# Goodbye my girl 🥺



## Justaffagirl (Jan 28, 2021)

Cassie you were the best herd dog I have had and you were more than my herd dog you were my best friend you lived your life to the fullest have a fun time running with your momma in doggie heaven ❤ You will be missed Cassie 














This was the day we put her down she was breathing hard and she wouldn’t eat and she couldn’t even stand up


----------



## Justaffagirl (Jan 28, 2021)

This thread was hard for me to make but I think she should be presented somewhere


----------



## Kstar (Jun 14, 2020)

I'm sorry to hear that you lost your best friend  it's always a difficult time.


----------



## Rodeo's Bud (Apr 10, 2020)

So very sorry to hear this. 

I am sure you have lots of good memories that will stick with you forever.


----------



## mzgarden (Mar 16, 2012)

Heart pain is the hardest pain.
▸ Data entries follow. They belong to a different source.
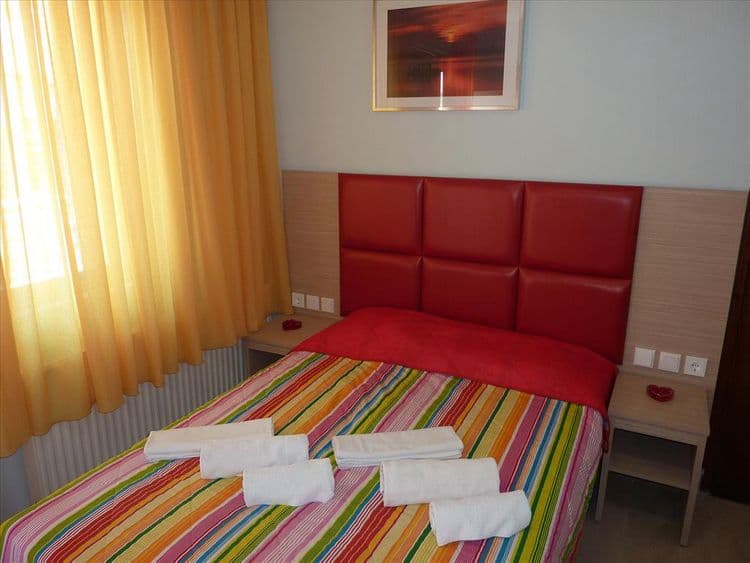 White Rose Hotel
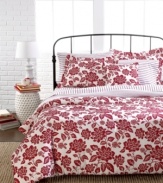 A floral escape! Plant yourself in a garden oasis with this Tommy Hilfiger Smithfield Floral comforter set. A vibrant botanic print is the focal point, while the reverse features an alternating pinstripe pattern.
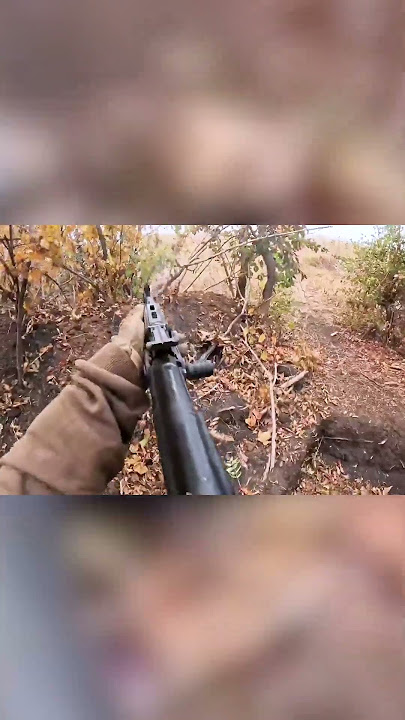 Australian volunteers fire at Russian targets during intense trench battle in Ukraine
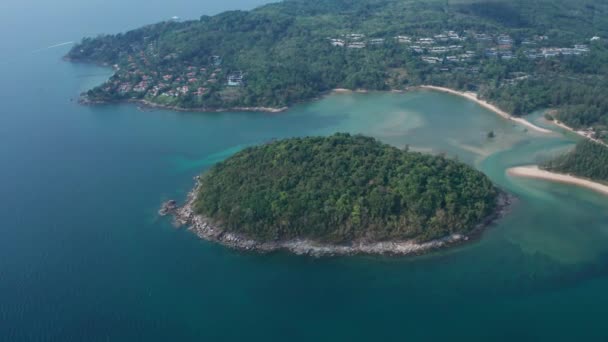 Veduta Aerea Drone Piccola Isola Vicino Alla Zona Tropicale Layan — Video Stock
I'm sorry.


----------



## aart (Oct 20, 2012)

Condolences....

We know from the minute we let them into our hearts, that one day they will break them.
The joy we gain by loving them will, in time, once again outweigh the sadness they can bring to our lives.


----------



## Justaffagirl (Jan 28, 2021)

Thank you everybody she was one of my greatest dogs


----------



## newfieannie (Dec 24, 2006)

it's so sad to have to do it but better than letting them suffer. my son had to put down 2 of his last month. he's still lost ~Georgia


----------



## Danaus29 (Sep 12, 2005)

It hurts to lose a companion like that. You have my sympathy.


----------



## MAWL (Feb 2, 2021)

I am so sorry for your loss. Run free Cassie! You are whole again. There is no finer animal on the face of this earth than a German Shepherd.


----------



## Justaffagirl (Jan 28, 2021)

Thank you everybody


----------



## muleskinner2 (Oct 7, 2007)

Sorry for your loss. Were you thinking about replacing her, any time soon? A friend of mine just had a litter Blue and Red Heelers.


----------



## todd_xxxx (Apr 19, 2018)

So sorry you lost your friend.


----------



## Justaffagirl (Jan 28, 2021)

So I have great news! Cassie had 2 litters of pups in her life and I actually just found one of her puppies he looks more like his daddy but still I have something of Cassie!


----------



## Justaffagirl (Jan 28, 2021)

The owner couldn’t take care of him anymore so he contacted me from when he asked my dad to buy him and that was 3 years ago and we were surprised he contacted us


----------



## Robert91 (Apr 24, 2021)

Justaffagirl said:


> Cassie you were the best herd dog I have had and you were more than my herd dog you were my best friend you lived your life to the fullest have a fun time running with your momma in doggie heaven ❤ You will be missed Cassie
> View attachment 95566
> View attachment 95567
> This was the day we put her down she was breathing hard and she wouldn’t eat and she couldn’t even stand up
> ...


I'm so sorry to hear about your loss. Its really a hard time.


----------



## Justaffagirl (Jan 28, 2021)

Robert91 said:


> I'm so sorry to hear about your loss. Its really a hard time.


Thank you Robert


----------